There’s nothing revolutionary about the story. Won Ton, a cat, finds himself in an animal shelter, is finally adopted by a family, reluctantly settles in and becomes the “ruler of the roost.” Don’t get me wrong, he is a cat of great personality and definite opinions. He’s very “cat-like” and engaging.
It’s the haiku though, that makes the whole thing work. The short, precise form fits perfectly with the cat’s “thoughts” and actions. It will also appeal to those youngsters who need shorter but fulfilling texts. All in all, just like the boy in the book, you’ll be beguiled by Won Ton, a new friend you’ll want to visit over and over again.
Posted by: Eileen
Having always been a big fan of the silly and humorous poetry of Shel Silverstein, you can imagine my delight to discover a new book of 145 of his unpublished poems. Mr. Silverstein died in 1999 and I was certain that would end the publication of any more of his iconic white covered poetry books.

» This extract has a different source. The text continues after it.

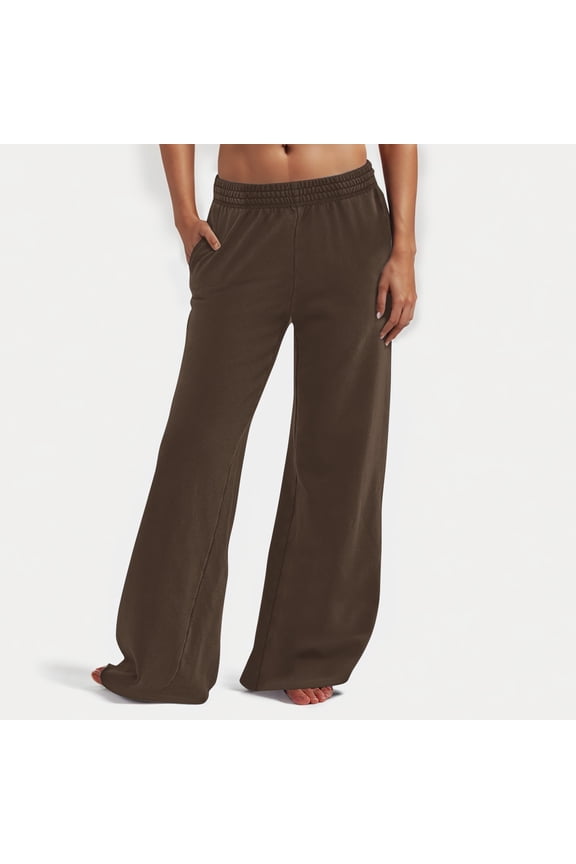 Wide Leg Sweatpants for Women Elastic Waist Workout Athletic Pants Casual Baggy Flare Sweats Lounge Bottoms with Pockets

The dedication is simply “For You.” The title comes from the second poem in the book which is about a boy who orders a hot dog with everything on it. Of course, his hot dog arrives ala Silverstein style and is slightly more than the boy bargained for. The first poem, Years From Now, touches my heart as Shel reassures the reader that “somewhere from some far off place I hear you laughing – and I smile.”
I would recommend this wonderful new poetry book to all readers. The poems and illustrations have the ability to spread simple joy to us all. Who could ask for more from a book?